Cihanda hiç kimse, yüreğine felekten bir diken saplanmaksızın, gül yanaklı bir dilberin visâline ermedi. Bir kere, tarağa bak ki yüz parça olmaksızın eli bir güzelin saçlarının ucuna dokunamadı.

**

Âhirette cennet, hûri, ve kevser var diyorlar. Şarap ırmağı, süt ırmağı, bal ve şeker ırmağı var diyorlar. Bunları hatırlayarak bana sen şimdiden bir kadeh şarap ver, ey sâkî! (Zira), bir peşin, bin veresiyeden üstündür.

**

Dostum, bu boş dünyanın kederini sakın çekme. Boşuna bu köhne dünyanın kederiyle kederlenme. Mademki mevcut olan şey geçti ve mevcut olmayan da daha meydanda yok. Sen keyfine bak ve ne "var"ın sıkıntısını çek ne de "yok"un.

**

Diyorlar ki öbür dünyada cennet ve huriler olacak, hem orada halis şarap ve bal bulunacak. Biz burada şimdiden şarap içer ve güzel seversek bunda ne beis var. Sonumuz yine öyle olacak değil mi?

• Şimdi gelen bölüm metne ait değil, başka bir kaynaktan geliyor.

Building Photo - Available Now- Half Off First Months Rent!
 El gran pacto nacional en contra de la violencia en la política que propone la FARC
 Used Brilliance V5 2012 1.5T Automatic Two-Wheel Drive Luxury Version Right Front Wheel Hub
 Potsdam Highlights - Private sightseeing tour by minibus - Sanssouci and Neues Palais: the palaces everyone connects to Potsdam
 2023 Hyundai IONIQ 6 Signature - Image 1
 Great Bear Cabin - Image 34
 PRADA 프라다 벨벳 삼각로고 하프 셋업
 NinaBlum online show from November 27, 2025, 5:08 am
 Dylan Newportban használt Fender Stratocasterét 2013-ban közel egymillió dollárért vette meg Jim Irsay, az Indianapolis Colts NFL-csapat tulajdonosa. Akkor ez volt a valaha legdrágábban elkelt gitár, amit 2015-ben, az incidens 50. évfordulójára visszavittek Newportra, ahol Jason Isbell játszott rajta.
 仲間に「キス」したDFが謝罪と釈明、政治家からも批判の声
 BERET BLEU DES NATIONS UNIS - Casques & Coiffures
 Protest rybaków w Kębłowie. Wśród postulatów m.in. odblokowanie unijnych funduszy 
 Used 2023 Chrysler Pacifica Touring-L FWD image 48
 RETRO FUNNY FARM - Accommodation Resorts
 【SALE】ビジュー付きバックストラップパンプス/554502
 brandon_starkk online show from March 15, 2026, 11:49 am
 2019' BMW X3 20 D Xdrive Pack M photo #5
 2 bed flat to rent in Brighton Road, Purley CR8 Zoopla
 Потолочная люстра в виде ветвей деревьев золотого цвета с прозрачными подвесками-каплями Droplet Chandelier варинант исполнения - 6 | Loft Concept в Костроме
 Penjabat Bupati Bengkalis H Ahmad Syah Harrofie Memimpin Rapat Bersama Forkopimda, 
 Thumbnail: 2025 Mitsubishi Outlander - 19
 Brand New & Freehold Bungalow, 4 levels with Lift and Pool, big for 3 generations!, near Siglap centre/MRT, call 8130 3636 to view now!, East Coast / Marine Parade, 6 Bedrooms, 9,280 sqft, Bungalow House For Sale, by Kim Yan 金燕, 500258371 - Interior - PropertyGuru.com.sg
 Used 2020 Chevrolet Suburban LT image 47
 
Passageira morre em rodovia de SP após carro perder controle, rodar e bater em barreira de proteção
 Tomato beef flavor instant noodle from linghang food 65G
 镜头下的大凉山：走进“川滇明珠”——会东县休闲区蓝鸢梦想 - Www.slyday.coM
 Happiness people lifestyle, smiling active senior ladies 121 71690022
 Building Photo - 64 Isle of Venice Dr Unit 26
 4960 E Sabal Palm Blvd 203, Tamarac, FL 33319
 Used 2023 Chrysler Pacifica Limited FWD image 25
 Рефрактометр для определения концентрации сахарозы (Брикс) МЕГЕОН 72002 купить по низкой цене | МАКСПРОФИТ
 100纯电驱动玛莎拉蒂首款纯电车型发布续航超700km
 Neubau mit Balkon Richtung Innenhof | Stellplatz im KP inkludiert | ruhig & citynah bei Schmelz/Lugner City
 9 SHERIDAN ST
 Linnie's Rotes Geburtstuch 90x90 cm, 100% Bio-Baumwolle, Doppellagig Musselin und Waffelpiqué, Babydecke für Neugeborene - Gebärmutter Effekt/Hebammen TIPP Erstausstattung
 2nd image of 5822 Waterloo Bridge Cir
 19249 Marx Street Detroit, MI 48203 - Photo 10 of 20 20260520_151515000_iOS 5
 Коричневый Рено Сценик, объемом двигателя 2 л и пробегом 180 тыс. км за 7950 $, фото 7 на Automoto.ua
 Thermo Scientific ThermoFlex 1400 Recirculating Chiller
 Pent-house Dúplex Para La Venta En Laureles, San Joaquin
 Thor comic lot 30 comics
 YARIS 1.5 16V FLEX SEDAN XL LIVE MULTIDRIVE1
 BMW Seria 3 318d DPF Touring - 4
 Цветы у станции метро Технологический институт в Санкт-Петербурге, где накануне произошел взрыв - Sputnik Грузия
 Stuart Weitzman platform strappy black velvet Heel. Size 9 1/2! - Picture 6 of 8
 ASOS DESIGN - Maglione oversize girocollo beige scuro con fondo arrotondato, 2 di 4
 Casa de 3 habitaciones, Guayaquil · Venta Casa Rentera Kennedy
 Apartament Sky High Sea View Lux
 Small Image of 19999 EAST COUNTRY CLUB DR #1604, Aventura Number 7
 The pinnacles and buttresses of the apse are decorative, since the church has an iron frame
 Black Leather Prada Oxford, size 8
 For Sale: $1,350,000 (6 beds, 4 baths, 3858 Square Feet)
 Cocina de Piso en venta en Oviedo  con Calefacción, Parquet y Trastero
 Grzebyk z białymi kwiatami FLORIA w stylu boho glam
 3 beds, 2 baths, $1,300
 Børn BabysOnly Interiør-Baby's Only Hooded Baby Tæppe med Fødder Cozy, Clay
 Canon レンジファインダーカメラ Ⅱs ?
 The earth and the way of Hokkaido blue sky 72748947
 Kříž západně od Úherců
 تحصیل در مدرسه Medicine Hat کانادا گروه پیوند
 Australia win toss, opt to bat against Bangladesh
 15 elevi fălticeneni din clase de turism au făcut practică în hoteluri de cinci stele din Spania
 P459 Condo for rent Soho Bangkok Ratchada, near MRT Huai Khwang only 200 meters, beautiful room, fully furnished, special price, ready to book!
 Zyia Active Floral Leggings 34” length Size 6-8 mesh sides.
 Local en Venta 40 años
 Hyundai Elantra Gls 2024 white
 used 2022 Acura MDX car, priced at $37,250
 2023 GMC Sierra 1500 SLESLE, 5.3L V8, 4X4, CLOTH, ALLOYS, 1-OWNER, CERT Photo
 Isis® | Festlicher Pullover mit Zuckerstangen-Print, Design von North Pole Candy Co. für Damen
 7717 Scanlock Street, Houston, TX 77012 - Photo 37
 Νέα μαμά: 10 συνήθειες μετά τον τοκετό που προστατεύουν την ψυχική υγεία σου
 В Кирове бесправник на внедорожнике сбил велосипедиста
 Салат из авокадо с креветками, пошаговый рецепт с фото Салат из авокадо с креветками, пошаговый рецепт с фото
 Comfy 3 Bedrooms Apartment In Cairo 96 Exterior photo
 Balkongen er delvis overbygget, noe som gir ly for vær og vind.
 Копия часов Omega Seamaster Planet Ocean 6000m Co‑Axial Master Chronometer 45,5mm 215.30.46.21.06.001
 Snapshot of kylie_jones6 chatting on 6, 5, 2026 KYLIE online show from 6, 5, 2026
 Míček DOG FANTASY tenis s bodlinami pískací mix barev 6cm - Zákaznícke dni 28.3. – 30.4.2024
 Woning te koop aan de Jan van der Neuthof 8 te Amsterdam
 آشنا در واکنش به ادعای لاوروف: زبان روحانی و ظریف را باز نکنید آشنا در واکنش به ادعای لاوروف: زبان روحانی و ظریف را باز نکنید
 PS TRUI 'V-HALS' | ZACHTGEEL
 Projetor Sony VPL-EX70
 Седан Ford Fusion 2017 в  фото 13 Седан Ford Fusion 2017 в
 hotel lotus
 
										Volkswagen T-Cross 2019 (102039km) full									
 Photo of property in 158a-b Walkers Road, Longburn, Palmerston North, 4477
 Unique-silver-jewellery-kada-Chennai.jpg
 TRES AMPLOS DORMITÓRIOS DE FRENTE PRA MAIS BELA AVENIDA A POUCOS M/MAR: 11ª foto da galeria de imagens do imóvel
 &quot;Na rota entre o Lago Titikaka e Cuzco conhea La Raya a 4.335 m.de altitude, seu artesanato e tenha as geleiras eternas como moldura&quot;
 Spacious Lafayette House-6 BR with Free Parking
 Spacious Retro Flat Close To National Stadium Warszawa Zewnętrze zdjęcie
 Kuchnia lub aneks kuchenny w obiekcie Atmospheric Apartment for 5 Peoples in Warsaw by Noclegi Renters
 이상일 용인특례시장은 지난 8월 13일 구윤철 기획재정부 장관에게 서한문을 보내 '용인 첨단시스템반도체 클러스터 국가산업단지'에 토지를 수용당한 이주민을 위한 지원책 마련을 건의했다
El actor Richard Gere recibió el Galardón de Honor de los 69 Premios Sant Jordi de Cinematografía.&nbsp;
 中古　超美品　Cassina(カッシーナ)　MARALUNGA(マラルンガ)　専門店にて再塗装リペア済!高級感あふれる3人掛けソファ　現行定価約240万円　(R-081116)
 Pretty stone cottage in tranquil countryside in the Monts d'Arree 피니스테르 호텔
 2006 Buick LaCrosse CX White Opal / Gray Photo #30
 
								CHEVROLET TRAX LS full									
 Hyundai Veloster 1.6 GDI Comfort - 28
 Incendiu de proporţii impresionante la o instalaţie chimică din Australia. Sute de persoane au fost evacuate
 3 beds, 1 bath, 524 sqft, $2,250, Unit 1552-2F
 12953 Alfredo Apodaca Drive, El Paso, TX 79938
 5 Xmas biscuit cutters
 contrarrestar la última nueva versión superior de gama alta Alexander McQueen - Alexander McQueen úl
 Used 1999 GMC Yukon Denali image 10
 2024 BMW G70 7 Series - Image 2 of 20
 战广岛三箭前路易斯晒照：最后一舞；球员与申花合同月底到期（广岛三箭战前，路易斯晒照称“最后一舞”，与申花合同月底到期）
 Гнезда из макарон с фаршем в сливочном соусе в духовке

Hayyam rubailerini inceleyenler, söz konusu rubailerin çoğunlukla aşk ve şaraba dair olduğunu göreceklerdir. Ancak bu rubailer arasında -az da olsa- dinî ve felsefî derinliğe sahip olanlar da vardır:

Ey gönül, mademki zaman seni mahzun ediyor. Bir de bakarsın ki bir gün ruhun cisminden ayrılıvermiş. Çimenler üstüne otur da toprağından otlar bitmeden bari birkaç günü iyi yaşa.

**

Ey gönül, farz et ki dünyanın bütün refah ve güzelliklerini istemiş ve elde etmişsin. Zevkusefa bahçen yeşilliklerle süslenmiş. Sonra sen de o yeşilliklerin üstüne bir gece şebnem (çiğ) gibi oturup/düşüp ertesi sabah kalkmışsın kabul et. (işte hayat budur.)

**

Boşuna o kadar keder çekme, şen şakrak yaşa. Zulüm yolunda sen adaletle yaşa. Mademki bu dünya işinin sonu yoktur. Sen kendini şimdiden yoksun farz et ve hür yaşa.

**

Eğer Mısır'a, Rum'a ve Çin'e de sahip olsan, hatta bütün yeryüzüne hâkim olsan, emin ol, bu dünyadan nasîbin on arşın kefen ve iki arşın topraktan ibaret olacaktır.

**

Seher vakti horoz neden öyle feryat eder/öter bilir misin? Ömürden bir gecenin daha geçtiğini ve senin bundan haberdar olmadığını görür de ondan.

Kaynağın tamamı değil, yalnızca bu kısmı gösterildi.